## Your objective
List the lines of this listing that hold the word "Print".

## Input data
Segment Open

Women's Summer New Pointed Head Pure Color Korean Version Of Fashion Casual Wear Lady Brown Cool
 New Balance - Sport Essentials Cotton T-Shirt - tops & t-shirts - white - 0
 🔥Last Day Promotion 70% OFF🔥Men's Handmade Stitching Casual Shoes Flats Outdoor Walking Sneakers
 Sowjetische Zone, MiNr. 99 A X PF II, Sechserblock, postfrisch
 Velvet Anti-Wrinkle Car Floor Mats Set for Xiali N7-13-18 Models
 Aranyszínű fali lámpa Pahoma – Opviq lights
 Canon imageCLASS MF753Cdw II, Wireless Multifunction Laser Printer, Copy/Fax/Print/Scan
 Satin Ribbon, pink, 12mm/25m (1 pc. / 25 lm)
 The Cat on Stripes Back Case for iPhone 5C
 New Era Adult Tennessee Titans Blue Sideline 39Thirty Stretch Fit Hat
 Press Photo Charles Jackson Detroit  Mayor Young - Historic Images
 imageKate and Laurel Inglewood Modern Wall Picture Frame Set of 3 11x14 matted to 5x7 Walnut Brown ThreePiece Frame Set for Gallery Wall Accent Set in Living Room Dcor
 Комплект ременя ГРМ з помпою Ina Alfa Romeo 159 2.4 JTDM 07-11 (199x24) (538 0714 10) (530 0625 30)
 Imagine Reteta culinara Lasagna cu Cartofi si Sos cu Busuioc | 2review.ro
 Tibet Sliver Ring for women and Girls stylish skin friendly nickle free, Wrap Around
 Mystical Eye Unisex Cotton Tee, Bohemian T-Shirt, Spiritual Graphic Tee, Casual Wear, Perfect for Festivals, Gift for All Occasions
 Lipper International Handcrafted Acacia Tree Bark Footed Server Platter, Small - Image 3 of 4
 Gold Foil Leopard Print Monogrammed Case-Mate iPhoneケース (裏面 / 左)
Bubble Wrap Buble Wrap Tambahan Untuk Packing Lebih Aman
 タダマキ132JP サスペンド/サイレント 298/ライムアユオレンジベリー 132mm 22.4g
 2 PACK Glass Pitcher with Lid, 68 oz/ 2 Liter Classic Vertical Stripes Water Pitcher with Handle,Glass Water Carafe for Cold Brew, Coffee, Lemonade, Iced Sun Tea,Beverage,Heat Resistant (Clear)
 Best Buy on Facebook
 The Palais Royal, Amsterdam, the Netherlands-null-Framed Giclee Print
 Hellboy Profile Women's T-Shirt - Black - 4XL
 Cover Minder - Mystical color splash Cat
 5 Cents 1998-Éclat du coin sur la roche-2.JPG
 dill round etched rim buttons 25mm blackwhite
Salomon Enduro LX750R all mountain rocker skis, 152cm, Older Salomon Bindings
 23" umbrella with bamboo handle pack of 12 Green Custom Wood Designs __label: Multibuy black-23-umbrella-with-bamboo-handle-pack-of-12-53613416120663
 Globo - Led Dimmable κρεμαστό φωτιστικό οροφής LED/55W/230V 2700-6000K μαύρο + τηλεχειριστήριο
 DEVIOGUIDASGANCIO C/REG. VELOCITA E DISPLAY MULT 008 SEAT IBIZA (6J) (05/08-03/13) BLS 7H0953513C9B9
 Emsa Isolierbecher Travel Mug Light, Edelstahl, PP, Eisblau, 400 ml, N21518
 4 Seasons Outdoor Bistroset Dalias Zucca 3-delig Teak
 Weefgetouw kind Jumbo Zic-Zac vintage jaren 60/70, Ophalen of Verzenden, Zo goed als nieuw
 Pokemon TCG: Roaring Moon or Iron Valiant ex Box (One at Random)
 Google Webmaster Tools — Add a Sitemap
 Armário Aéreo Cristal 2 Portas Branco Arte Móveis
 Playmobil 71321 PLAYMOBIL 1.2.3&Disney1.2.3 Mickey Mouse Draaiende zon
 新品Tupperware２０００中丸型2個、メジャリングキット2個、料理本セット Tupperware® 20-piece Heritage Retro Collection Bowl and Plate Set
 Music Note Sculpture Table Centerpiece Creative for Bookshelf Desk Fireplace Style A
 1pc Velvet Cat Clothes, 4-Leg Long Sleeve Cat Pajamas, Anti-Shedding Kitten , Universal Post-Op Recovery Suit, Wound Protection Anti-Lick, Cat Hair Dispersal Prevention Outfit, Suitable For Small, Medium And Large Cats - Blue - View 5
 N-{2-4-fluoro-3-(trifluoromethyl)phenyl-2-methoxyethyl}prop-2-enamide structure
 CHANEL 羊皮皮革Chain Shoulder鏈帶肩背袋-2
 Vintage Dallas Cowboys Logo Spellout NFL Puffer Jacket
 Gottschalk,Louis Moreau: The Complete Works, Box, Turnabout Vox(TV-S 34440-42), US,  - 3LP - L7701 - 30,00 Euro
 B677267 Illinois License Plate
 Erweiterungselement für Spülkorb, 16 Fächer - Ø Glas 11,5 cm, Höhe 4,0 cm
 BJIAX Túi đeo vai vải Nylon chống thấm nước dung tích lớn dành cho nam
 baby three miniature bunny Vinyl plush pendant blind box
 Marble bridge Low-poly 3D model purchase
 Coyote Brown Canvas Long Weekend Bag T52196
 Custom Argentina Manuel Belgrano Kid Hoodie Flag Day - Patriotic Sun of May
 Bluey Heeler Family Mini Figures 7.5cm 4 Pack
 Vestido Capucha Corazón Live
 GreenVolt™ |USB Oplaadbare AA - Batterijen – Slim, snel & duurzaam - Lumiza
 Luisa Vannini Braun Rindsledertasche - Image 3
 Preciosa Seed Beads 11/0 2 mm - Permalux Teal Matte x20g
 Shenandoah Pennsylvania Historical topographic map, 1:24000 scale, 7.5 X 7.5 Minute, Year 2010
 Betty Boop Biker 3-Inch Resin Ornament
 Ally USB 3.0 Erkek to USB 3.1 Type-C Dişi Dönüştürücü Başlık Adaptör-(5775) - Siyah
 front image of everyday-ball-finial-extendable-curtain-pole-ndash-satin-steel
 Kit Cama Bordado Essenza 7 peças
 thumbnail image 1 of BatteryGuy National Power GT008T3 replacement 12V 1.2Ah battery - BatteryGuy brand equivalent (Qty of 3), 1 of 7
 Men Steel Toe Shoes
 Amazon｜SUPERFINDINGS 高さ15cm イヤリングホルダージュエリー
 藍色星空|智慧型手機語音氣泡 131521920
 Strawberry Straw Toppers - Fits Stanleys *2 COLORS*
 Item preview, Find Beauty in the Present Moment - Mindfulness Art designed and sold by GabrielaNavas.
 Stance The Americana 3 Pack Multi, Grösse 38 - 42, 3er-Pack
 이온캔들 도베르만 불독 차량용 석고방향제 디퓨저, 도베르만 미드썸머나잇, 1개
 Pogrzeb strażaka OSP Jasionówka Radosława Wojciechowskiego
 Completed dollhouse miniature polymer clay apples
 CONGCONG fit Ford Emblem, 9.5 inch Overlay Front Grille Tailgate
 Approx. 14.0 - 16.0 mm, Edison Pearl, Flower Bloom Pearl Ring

Segment Closed

## Your solution
 Canon imageCLASS MF753Cdw II, Wireless Multifunction Laser Printer, Copy/Fax/Print/Scan
 Gold Foil Leopard Print Monogrammed Case-Mate iPhoneケース (裏面 / 左)
 The Palais Royal, Amsterdam, the Netherlands-null-Framed Giclee Print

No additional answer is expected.